Help troubleshooting gettext string re-insertion script  Bottom

  • I've got this script and it's not working properly.

    It is meant to take translated strings in a '.po' file and re-insert them into the source code. After that, a new '.pot' file would have to be regenerated from the code (the script doesn't do that).

    I want to make this script run successfully against the Zikula core, so that I can re-insert all the reviewed strings (from the en_GB language on the translation portal) into the Zikula core, before the 1.2 release. After that, it can be used by the international communities and by 3rd-party devs to produce localised versions of Zikula and 3rd-party modules.

    Problems:

    1) First of all, it is failing to escape single and double quotation marks. This is causing syntax errors. For instance, when I try to run 'install.php' to install a site with the processed Zikula core, I'm getting:

    Code

    Parse error: syntax error, unexpected T_STRING in /var/www/zk120rc4/includes/pnAPI.php on line 1495


    The gettext string in the file is:

    Code

    'Error! Oh! Wow! An 'unidentified system error' has occurred.'


    It is not escaped (backslashed), so it's a syntax error.

    2) After the script has run, I'm finding that not all the strings have been replaced. For example, after processing a copy of the core, the file 'includes/LogUtil.class.php' at line 438 contains the string:

    Code

    "Unknown log destination [%s] ... "


    But the reviewed string that *should* have replaced it is:

    Code

    Error!
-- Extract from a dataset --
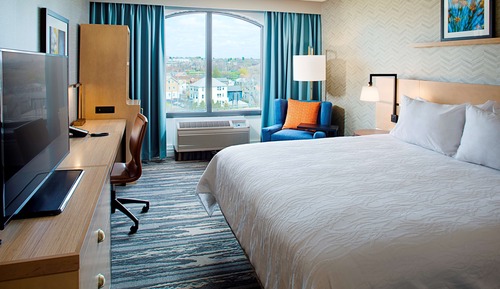 Room, 1 King Bed, Accessible, Non Smoking (rollin shower)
The log file destination is unrecognised: '%s'.


    The script is not processing all strings properly.

    3) This is not a bug, but it's something it should do: the script does not handle plural forms. To be a properly working tool for the community, it should be able to process plural-form gettext strings.

    Any help troubleshooting these problems would be gratefully accepted.

    Please reply here or contact me by mail (I might be willing to pay for the solution if you can make it work *perfectly*).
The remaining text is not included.